Yuri Trifonov's 1969 novella "The Exchange", the work that launched his celebrated Moscow cycle, follows an engineer named Dmitriev who, under pressure from his wife, arranges to swap two communal-flat rooms for a two-room apartment just as his mother is dying. The novella, Birger writes, exposes layers of moral decay: a man who has made peace with mediocrity goes from one monstrous compromise to the next. Trifonov famously bristled when readers called him a chronicler of everyday life: «I write about love, about death… and they tell me, everyday life. But everyday life is our whole life!»
Contemporary Voices
Dasha Pochekuyeva's debut novel revisits similar terrain but moves the moral question offstage. Set in a provincial Soviet town in the early 1970s, the apartment is here a shared dream holding together a loveless marriage. Yet for Pochekuyeva the central issue is not whether the housing obsession corrupts, it is how the inability to accept oneself and break free from internal constraints slowly destroys people.

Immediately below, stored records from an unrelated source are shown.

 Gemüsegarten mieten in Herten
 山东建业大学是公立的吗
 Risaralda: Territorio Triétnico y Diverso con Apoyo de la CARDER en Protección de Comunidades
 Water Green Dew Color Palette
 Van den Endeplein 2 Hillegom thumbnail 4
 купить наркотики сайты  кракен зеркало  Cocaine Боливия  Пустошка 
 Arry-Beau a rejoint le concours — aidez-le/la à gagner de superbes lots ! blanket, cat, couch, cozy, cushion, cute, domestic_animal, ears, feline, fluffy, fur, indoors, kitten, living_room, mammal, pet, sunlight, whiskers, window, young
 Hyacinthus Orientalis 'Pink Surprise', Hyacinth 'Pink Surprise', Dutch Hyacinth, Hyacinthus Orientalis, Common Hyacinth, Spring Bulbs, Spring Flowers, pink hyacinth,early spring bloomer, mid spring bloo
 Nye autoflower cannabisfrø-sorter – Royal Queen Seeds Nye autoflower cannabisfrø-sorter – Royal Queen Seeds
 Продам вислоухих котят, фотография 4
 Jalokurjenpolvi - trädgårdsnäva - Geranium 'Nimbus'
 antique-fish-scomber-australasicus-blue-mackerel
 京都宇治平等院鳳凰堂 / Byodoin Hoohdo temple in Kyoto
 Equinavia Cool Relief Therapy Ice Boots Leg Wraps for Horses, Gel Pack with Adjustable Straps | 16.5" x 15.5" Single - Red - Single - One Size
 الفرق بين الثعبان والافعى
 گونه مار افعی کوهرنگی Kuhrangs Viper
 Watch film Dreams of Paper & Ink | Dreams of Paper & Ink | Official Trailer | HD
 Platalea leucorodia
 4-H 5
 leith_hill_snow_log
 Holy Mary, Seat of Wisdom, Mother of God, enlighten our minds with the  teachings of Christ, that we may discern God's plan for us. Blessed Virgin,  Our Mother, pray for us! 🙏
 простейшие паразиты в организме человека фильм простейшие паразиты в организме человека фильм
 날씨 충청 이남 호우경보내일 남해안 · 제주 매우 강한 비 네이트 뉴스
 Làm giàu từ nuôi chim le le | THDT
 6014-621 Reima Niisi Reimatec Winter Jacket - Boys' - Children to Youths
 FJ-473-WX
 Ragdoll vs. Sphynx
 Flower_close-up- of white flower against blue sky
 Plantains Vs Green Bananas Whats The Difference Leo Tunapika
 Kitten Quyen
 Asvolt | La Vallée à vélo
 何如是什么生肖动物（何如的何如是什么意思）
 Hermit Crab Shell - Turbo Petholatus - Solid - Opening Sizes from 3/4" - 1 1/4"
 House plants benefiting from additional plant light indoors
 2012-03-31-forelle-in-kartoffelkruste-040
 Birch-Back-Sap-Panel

Anton Sekisov's "Vaginov's Room," originally written as an audio series for the Bookmate platform, places a young philologist in a communal flat on the Griboyedov Canal embankment in St. Petersburg, a flat where the early 20th-century writer Konstantin Vaginov once rented a room. Behind every door lurks a surprise. For Sekisov, the communal flat becomes a comic device and a philosophical statement: it is impossible to fully seal yourself off from others.
The Underground as Freedom
The list closes with Vladimir Makanin's novel "Underground, or a Hero of Our Time." Makanin, one of the most significant yet underappreciated Russian authors of his generation, made homelessness his protagonist's deliberate choice. The writer Petrovich survives by caretaking other people's empty flats in a vast Soviet-era dormitory block. That dormitory expands, in Makanin's hands, to the scale of an entire country: post-Soviet Russia as one long corridor of other people's doors. Makanin later said the novel was a tribute to those who consciously chose to remain underground and preserved their integrity, even at the cost of their lives.
All eight works are featured alongside the newly published updated edition of Trudolyubov's "People Behind the Fence," which examines how private property in Russia has always ended up hostage to power, illustrated most recently, the author argues, by cases like that of singer Larisa Dolina.